Taking us behind the barbed wire, Ha Jin draws on true historical accounts to render the complex world the prisoners inhabit—a world of strict surveillance and complete allegiance to authority. Under the rules of war and the constraints of captivity, every human instinct is called into question, to the point that what it means…

Seasons of the Palm

Murugan Perumal

He stood naked under a raining sky…elated, as the rain coursed through his naked body. It whipped down on him, pounding his shoulders, massaging them. He bent down and took the pouring rain on his back. He straightened and raised his face to the sky. Then threw his head back, and let the water flow down his parched throat till the thirst he had felt all day dissolved. The rain washed out the layered dirt of his body, streamed and rinsed his hair. He felt light and cleansed.

This English translation of a contemporary Tamil classic captures a world that is virtually unknown outside the Tamil village—the layered and complex inner world of dalit “untouchables”, who struggle to hold their own in a context of brutal injustice.

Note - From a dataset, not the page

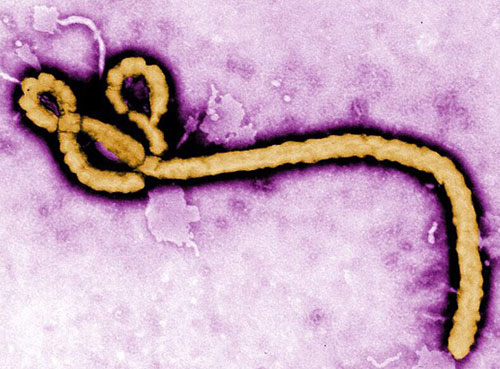 埃博拉病毒实验室高倍显微镜下活体图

Set in the late 1960s, Seasons of the Palm tells the story of Shortie and his friends—Tallfellow, Stumpleg, Belly and Matchbox—”untouchable” chakkili children who herd goats for the gounder caste landlords.

Grace Is Gone

Kelly Ana Morey

Billy Flower lives in the small mainly Maori town of Meridian. The fact he is irresistible to women is borne out by his twelve daughters, known about town as the Flower girls, all to different mothers.

Grace is Gone centres on Billy’s daughter Cherry, who has returned from overseas to Meridian after the break-up of her marriage to Bax, a British photojournalist. He’ll be following her home soon, but for the moment Cherry has returned alone to lose herself in the loving world of her family. Then there’s her old childhood friend Grace; she died some years ago, but that doesn’t stop her putting in regular appearances throughout the novel.

Grace is Gone, with its sprawling cast of characters, explores the relationships of an extended family of Maori women. Spot-on dialogue and lyrical description combine to create a novel that is richly subversive and funny as hell.